15-410 Project 4
Overview
This semester Project 4 will explore the issue of
how functional a kernel needs to be. When Unix was
young, each operating system "naturally" had its own,
single and unique, executable-file format, so it
made sense for
the program loader to reside in the kernel. In
addition, having exec() in the kernel
enabled the
setuid
invention,
which allows
the author of a program to arrange for it to run with
the privileges of the author as well as those of the
invoker.
Times have changed. For one thing, many executable
files rely on dynamically-linked shared-object libraries;
it would be difficult and unwise to embed this large,
unstable, and rapidly-changing code base in the kernel.
In addition, many Unix platforms have some ability to
emulate the execution of programs built for other
platforms (for example,
FreeBSD
can run many Linux
programs--at times, faster than Linux does). This is
plausible in good part because the shared-object loaders
for the various platforms are user-space programs, so
supporting multiple formats doesn't explode the size of
exec() in the kernel.
Also, the utility of setuid programs is on the wane.

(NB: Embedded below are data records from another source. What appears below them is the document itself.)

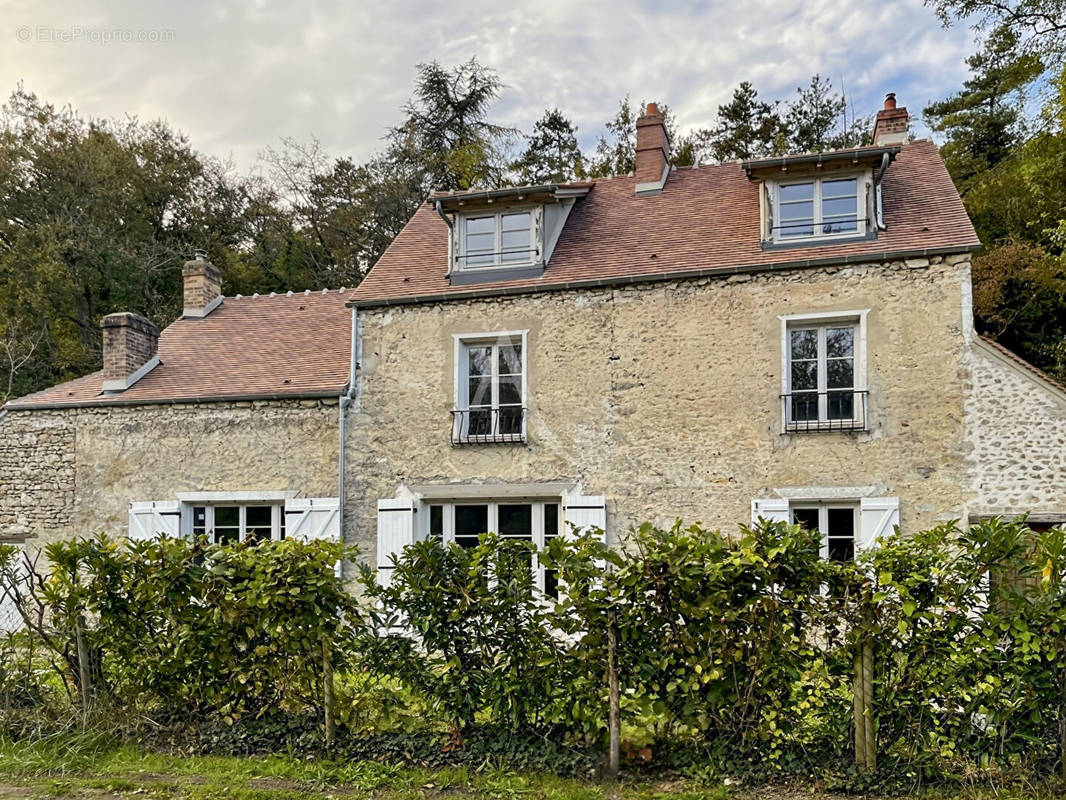 Maison à CHALO-SAINT-MARS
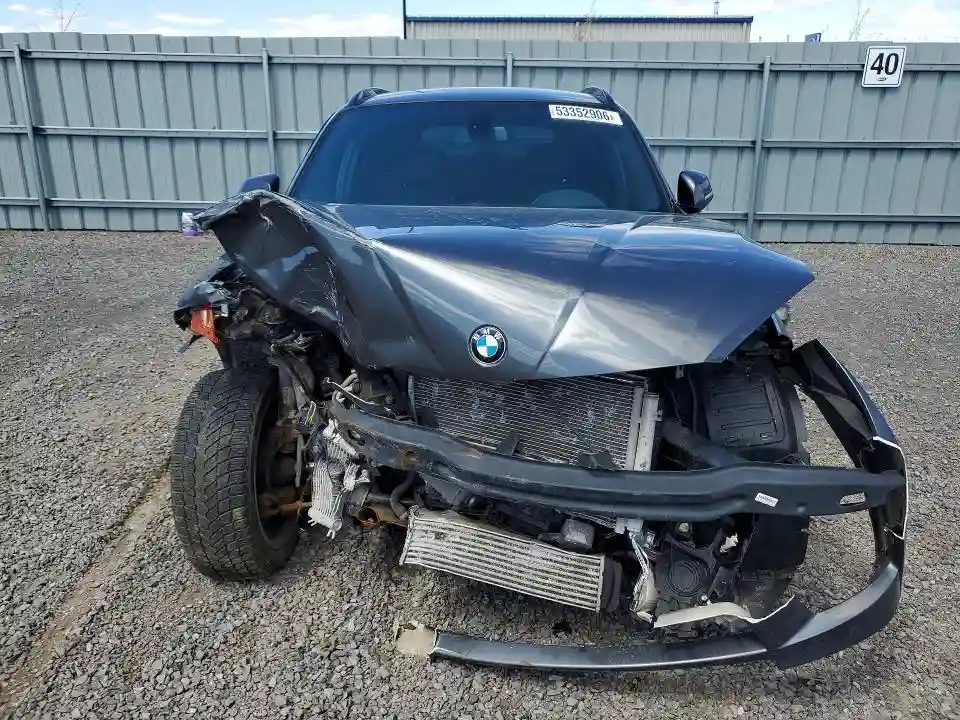 WBAVL1C52FVY38551 2015 BMW X1-4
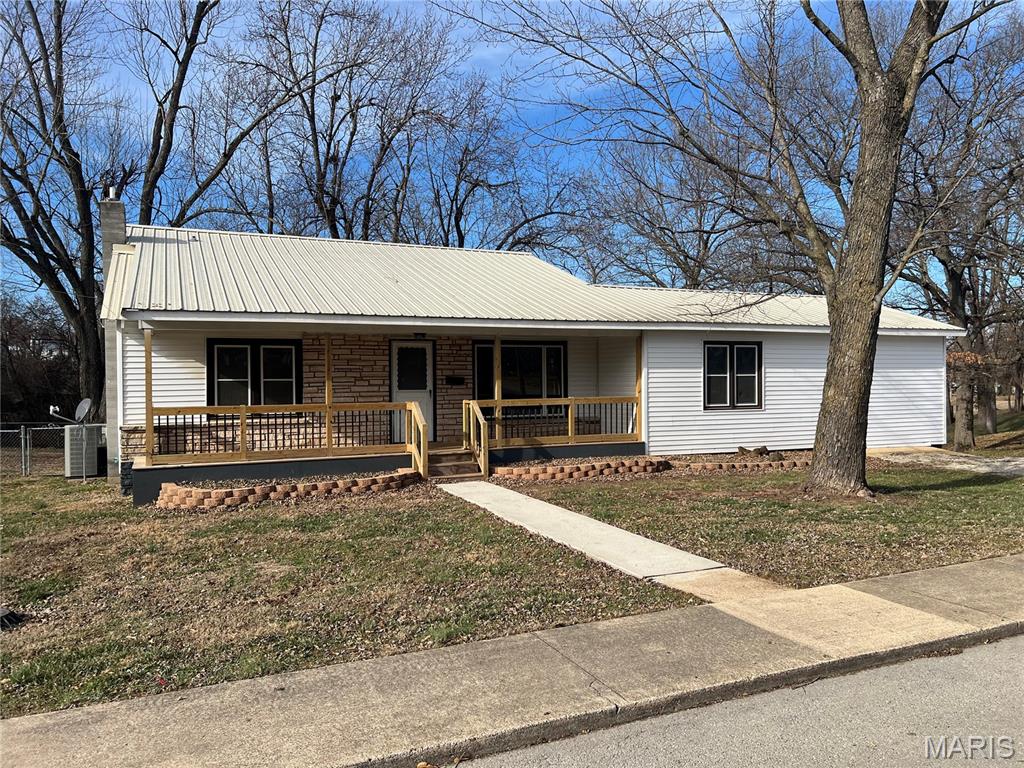 Photo of 101 Hickory Salem MO 65560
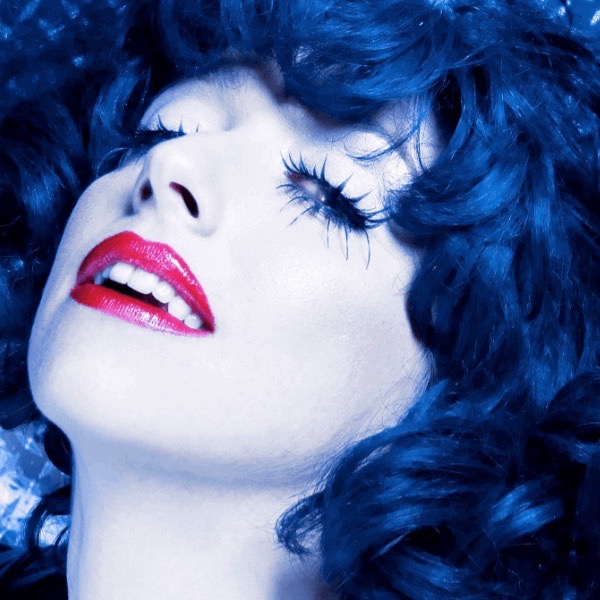 Performing Arts Houston presents Meow Meow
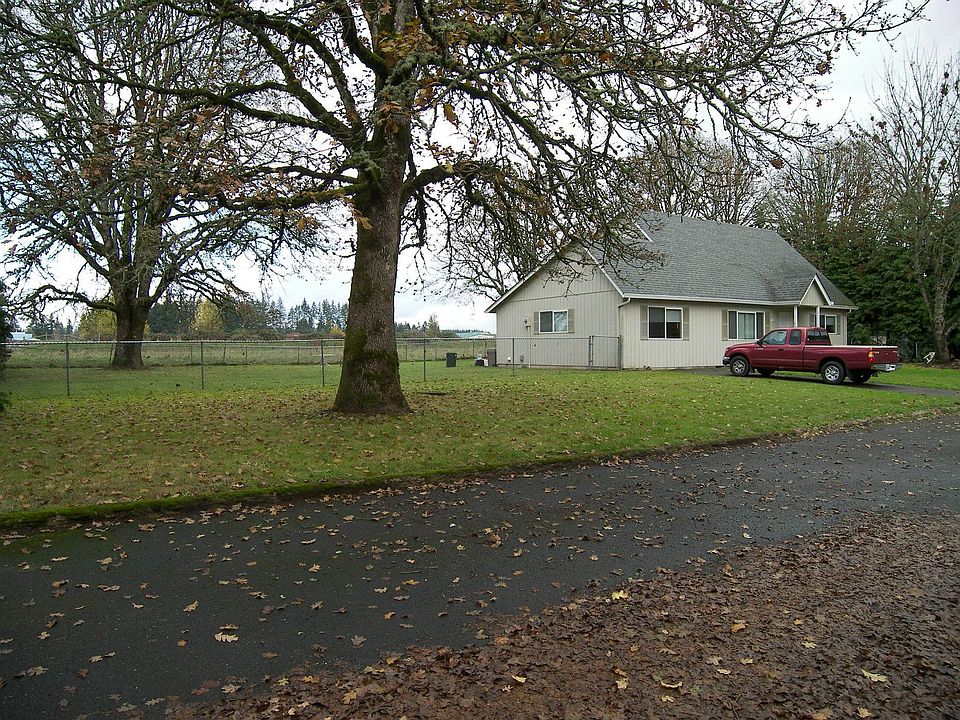 Large Lot On Quiet Dead End Street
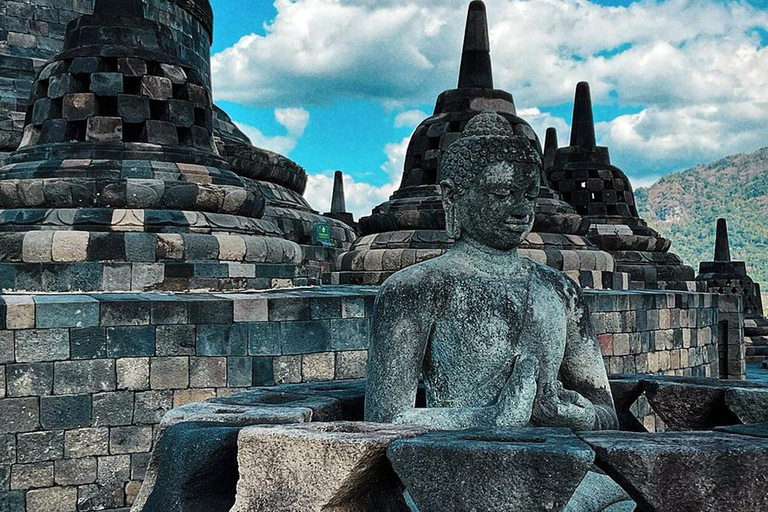 Randonnée avec camping et visite du mont Merbabu et de Borobudur (2 jours/1 nuit)Randonnée et visite du mont Merbabu et de Borobudur (2 jours, 1 nuit)
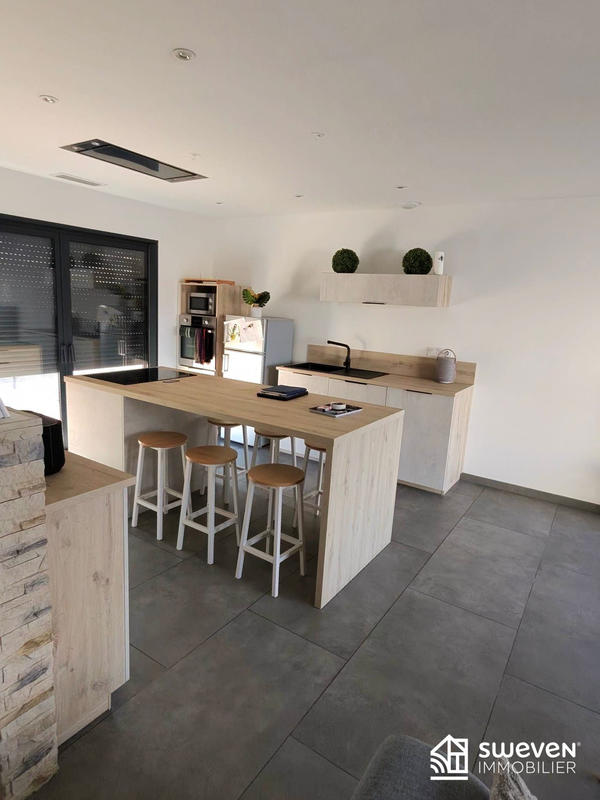 Maison - 95 m² - 4 pièces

Because they are difficult to write correctly, they are
a common source of security exploits. In Unix their
need has been reduced by sendmsg() and
recvmsg() , which enable
the
transfer of file descriptors from one process to another.
Also, the rise of the Web means that many program
executions are carried out on behalf of users not
part of the kernel's permission system. One Unix
descendant,
Plan 9,
has done away with setuid executables entirely.
These trends call into question the idea of executable
file formats being defined and interpreted by the kernel.
What would it take to do without an exec()
system call?
Could a library function do the job?
In Project 4 you will
implement a stripped-down version of the mmap()
system call
and a user-space library providing the functionality of
exec() . The necessary address-space
manipulations will be performed by a new system call
you will write named stirfry() .
Project 4 is due Wednesday, December 6th, at 23:59.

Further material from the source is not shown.